Romeo is Bleeding (à la St Roméo)

(Publié le 25 février)

Au moment où sort le Scorsese, je pouvais jouer les opportunistes et filer direction Vérone pour saluer la belle adaptation qu'avait faite Baz Luhrmann du drame shakespearien. Mais autant le dire tout net, je trouve que la collaboration Scorsese-Caprio n'a pour l'instant rien donné de vraiment remarquable et Moulin Rouge est un tel ratage que je n'ai pas trouvé l'énergie pour jouer les bons samaritains 2 fois dans la même semaine. En revanche, il y a un cinéaste dont je n'ai vu qu'un seul film et que je ne suis pas près d'oublier, c'est Peter Medak. En 93, il met en scène Oldman, Olin et Scheider dans une comédie noire hard-boiled, mixant à tombeau ouvert et avec force violence le film de mafia, le film de flic corrompu (si, si, c'est un genre !) et le drame sentimental. Lena Olin y est le magnifique trou noir d'un casting déjà assez classieux. Ellle incarne une hitwoman indestructible (ou presque) et sexuellement irrésistible ; personnage préfigurant celui qu'elle tiendra dans la série Alias. Superbement photographié par celui qui créera la photo du Dark City de Proyas, je trouvais à l'époque que le film souffrait d'une légère claudication, provoquée par des scènes proleptiques filmées dans un style plus "neutre" que le reste du film. Un syndrôme Blade Runner version 1.0 en quelque sorte, ce qui n'est pas la pire des comparaisons pour un film noir qui a lui aussi opté pour une voix (indispensable ?) de narrateur en off. Dernier petit détail (pour vous peut-être, mais pour moi ça veut dire beaucoup) : le titre du film est tiré d'une chanson d'un des plus beaux albums de Tom Waits.
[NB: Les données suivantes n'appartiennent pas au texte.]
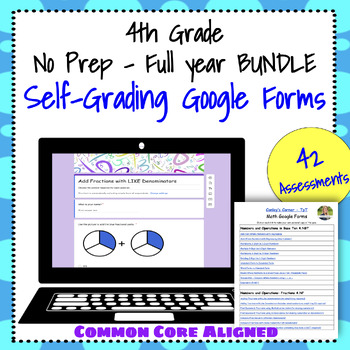 Preview of 4th Grade Google Form Math Quiz, FULL YEAR BUNDLE - 42 Forms Common Core Aligned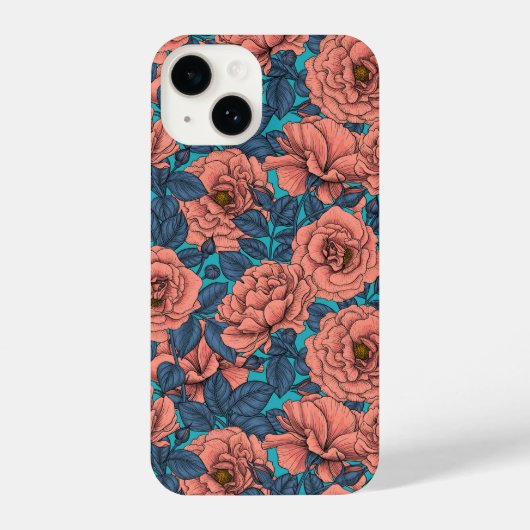 Roze rozen met blauwe bladeren op blauw iPhone hoesje (Achterkant)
Werner Herzog (à la Ste Bernadette)


(Initialement publié le 18 février 2010)

"Tu l'as vu, hein, tu l'as vu ?" La petite Soubirous, elle en tout cas, elle l'a vue, et pas qu'une fois, d'après ce qu'en dit l'Histoire. Pas de buisson ardent (sinon Dorcel aurait déjà pondu une adaptation), juste une grotte, ce qui est symbolique pour celle dont le prénom vient du mot "ours". Les ursidés au cinéma, c'est surtout le Annaud et un Herzog récent (Grizzly Man). Ce dernier je ne l'ai pas vu et s'il est aussi mauvais que son Bad Lieutenant : Port of Call, c'est mieux ainsi. Il faut dire que, à part le docu sur ses relations avec Kinski, je ne me suis jamais senti trop d'affinités avec le cinéma de Werner. Mais je suis prêt à parier que la racine de son patronyme a joué un rôle important dans sa volonté de réaliser, en 1976, un film qui s'intitule "Herz aus Glas". "Heart of Glass", c'est également un titre enregistré en 75 puis 78 par le groupe Blondie, dont la chanteuse, comme tout le monde le sait, n'est autre que la délicieuse Niki Brand de Cronenberg : Deborah Harry. Ce que l'on sait moins en revanche, c'est que Déborah vient du mot "abeille" en hébreu. C'est là que je me dis que, pour aujourd'hui, la boucle est bouclée.

jeudi 18 mars 2010

2010 : Eyes Less Shut

Quand on est adolescent au début des années 80 dans une France post-Giscard, le cinéma se fantasme parfois parfois plus qu'il ne se vit. Je n'ai jamais autant idolâtré Kubrick qu'en dévorant l'iconographie du livre de Michel Ciment et avant d'avoir vu la plupart de ses films. J'avais été exposé, très jeune, à Shining et avais entendu dire que Kubrick était le plus grand cinéaste du monde. J'étais trop jeune pour relever l'ineptie d'un classement mondial des cinéastes, mais j'avais quand même supputé que l'homme au nom de cube n'avait sûrement pas décroché cette médaille grâce à cette chose grotesque dans laquelle Nicholson baissait la tête et fronçait les sourcils pour jouer le gars perturbé psychologiquement. Posture ridicule et outrée que le Stan n'hésitera pas à recycler avec D'Onofrio dans son film sur les films sur le Vietnam.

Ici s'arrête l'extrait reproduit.